In the 1950's, there were two major reviews of the accounts. The first, National Economic Accounts of the United States: Review, Appraisal, and Prospects, was prepared in 1957 by the National Accounts Review Committee of the National Bureau of Economic Research at the request of the Bureau of the Budget (predecessor of the Office of Management and Budget). The Committee was chaired by Raymond Goldsmith, and the members included Richard Easterlin, Joseph Pechman, and Richard Ruggles. The report was presented at a hearing of the Subcommittee on Economic Statistics of the Joint Economic Committee. The second review, Critique of the United States Income and Product Accounts, from 1958, was the result of a symposium on the accounts held by the Conference on Research in Income and Wealth, which functions as a research forum for work on economic measurement. These reviews dealt with emerging issues of the time, many of which related to the expansion in the complexity and scope of the accounts that was necessary to accurately portray the U.S. economy. They also dealt with conceptual issues, such as the treatment of capital gains and the coverage of nonmarket production and consumption, and they discussed the need for better integration of the income and product, flow of funds, and other components of the existing accounts.

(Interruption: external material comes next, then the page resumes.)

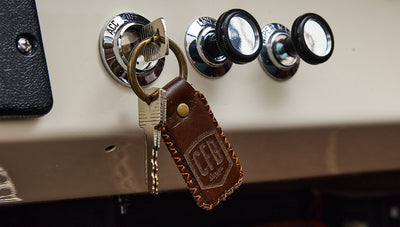 Ford Bronco 1968 Saddle Bronze Coyote Series Keychain
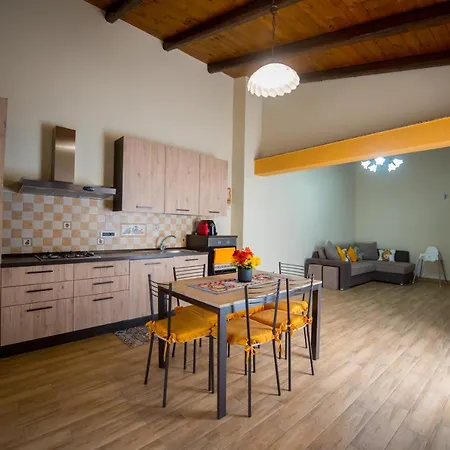 Casa Delle Cicale Апартаменты *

In 1971, BEA published The Economic Accounts of the United States: Retrospect and Prospect. This volume, on the occasion of the 50th anniversary of the SURVEY OF CURRENT BUSINESS, was a series of 43 papers contributed by some of the country's most prominent economists, including past and future Federal Reserve Board chairpersons (Arthur Burns and Alan Greenspan), Nobel laureates (Wassily Leontief, Simon Kuznets, Lawrence Klein, and Paul Samuelson), Council of Economic Advisers chairpersons (Arthur Okun and Raymond Saulnier), and American Economic Association presidents (Robert Eisner, Robert Gordon, and Charles Kindleberger). BEA catalogued and prioritized the suggestions from these papers, and BEA's Director at that time, George Jaszi, responded.
In 1977, the Gross National Product Data Improvement Project Report was released. This report was prepared by the Advisory Committee on Gross National Product Data Improvement under the auspices of the Office of Management and Budget. The committee was chaired by Daniel Creamer, and the members were Rosanne Cole, Edward Denison, Raymond Goldsmith, Alan Greenspan, and John Kendrick. The report, referred to as the Creamer Report, was undertaken as a result of concerns over relatively large revisions in the GNP accounts in the early 1970's and focused on needed improvements in the source data, rather than on needed extensions and conceptual modifications.
In 1979, the Conference on Research in Income and Wealth addressed several aspects of the national income and product accounts pertaining to their role as a system of information about the behavior of the economy. Topics included the concepts and structure of the accounts, the issues involved in deflation and the treatment of quality change in price indexes, and source data. The last topic included an evaluation of major parts of the Creamer Report.
In 1982, the General Accounting Office published The Bureau of Economic Analysis Should Lead Efforts to Improve GNP Estimates. This study was intended to evaluate revisions to GNP estimates and to assign different priorities to the Creamer Report's 155 recommendations, made to 24 Federal agencies, for improving the accounts. It, too, focused more on statistical than on conceptual issues andas the title indicatesurged BEA to take a more proactive role in obtaining the source data needed to improve the accounts.